BDDK Nisan ayı aylık verilerine göre, yurt içi yerleşiklerin döviz mevduat hesabı 214,4 milyar dolardır. Bunun yaklaşık 75 milyar doları ticari kuruluşların mevduatıdır. (Aşağıdaki tablo.)
BDDK kararının etkileri ne olur?
Faiz politikası yerine, yasaklayıcı kararlarla tasarrufları ve sermayeyi kontrol etmek, tamamıyla piyasa ekonomisine dayalı bir ekonomide bozucu etki yapar.
Daha önemlisi, bugün döviz tasarrufuna sınır getiren bir ekonomi yönetimi, yarın dış ödemelerde bir sorun çıkarsa, içerideki dövizleri bozdurma zorunluluğu getirebilir şeklinde bir algı yaratır ve güven sorunu ortaya çıkar.

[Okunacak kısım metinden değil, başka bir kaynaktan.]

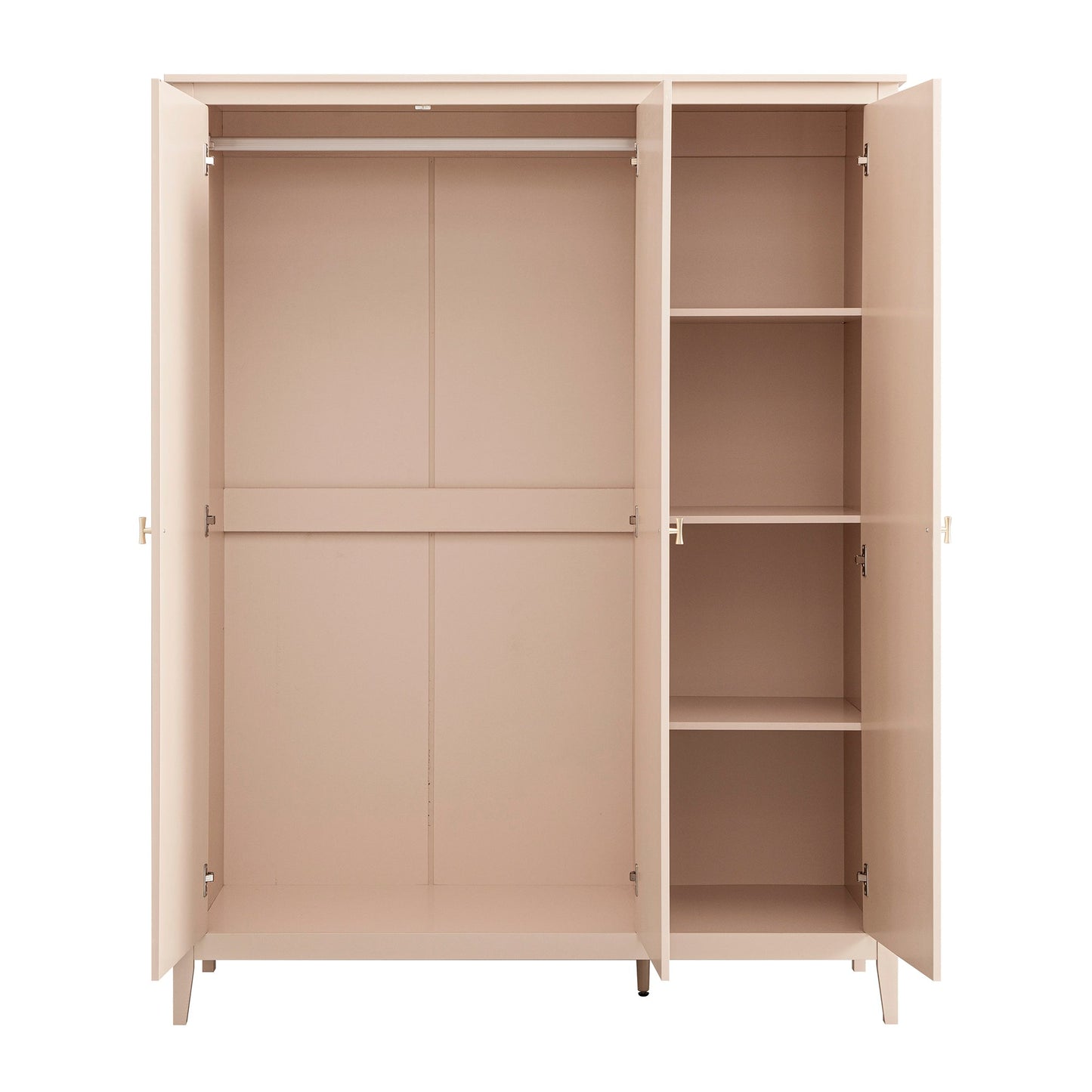Penderie triple Oakham, rose nude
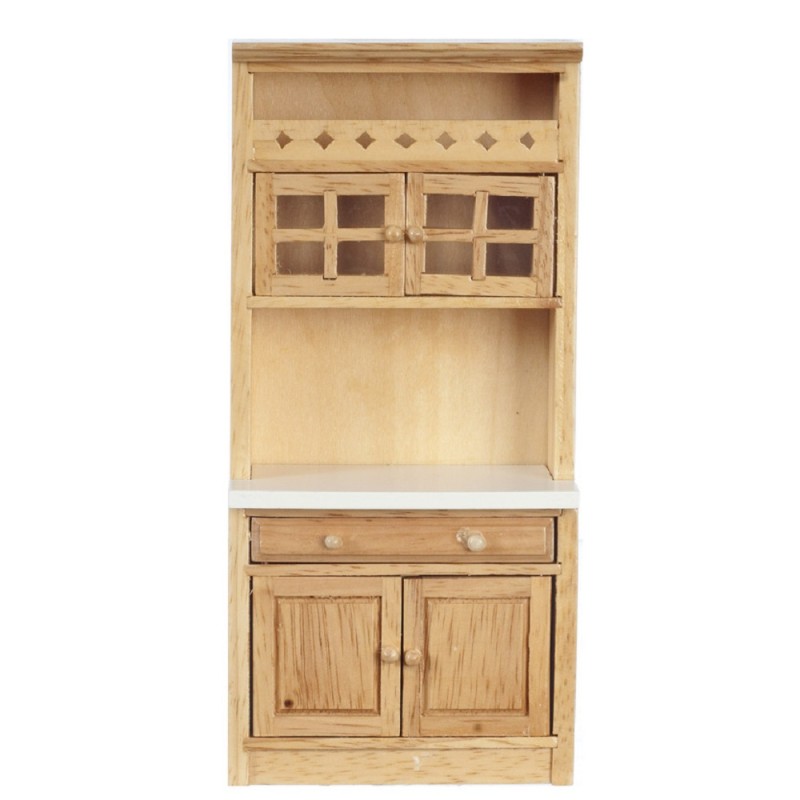 Dolls House Shelf Cabinet Unit Light Oak Miniature Fitted  Kitchen Furniture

Öte yandan serbest piyasa ekonomisinde yasaklar, muvazaalı çözümleri zorlar. Söz gelimi şirketler döviz varlıklarını şirket sahibinin hesaplarına aktarabilir. Mevcut şirket ortakları kredi almayan ve fakat eski şirket üstünden iş yapabilecekleri yeni şirket kurarlar. Dövizleri bu şirkete aktarabilirler.
Kambiyo sistemi imkân verdiği için, şirket ortakları tasarruflarını yurt dışına transfer edebilir veya yastık altına alabilirler.
Bütün bunlar, güven sorunu ve kredi kısıtlaması ile birlikte, stagflasyona neden olur.
Sonuç olarak, BDDK kararı ile döviz tevdiat hesaplarında az bir çözülme olabilir. Ancak bu sivrisineği öldürmeye yarar. Bataklığı kurutmaz.
Bataklığı kurutmak için, oyunu kuralına göre oynamak gerekir. İstikrar programı yapmak, faiz takıntısından kurtulup, faizi para politikasının bir aracı olarak kullanmak gerekir.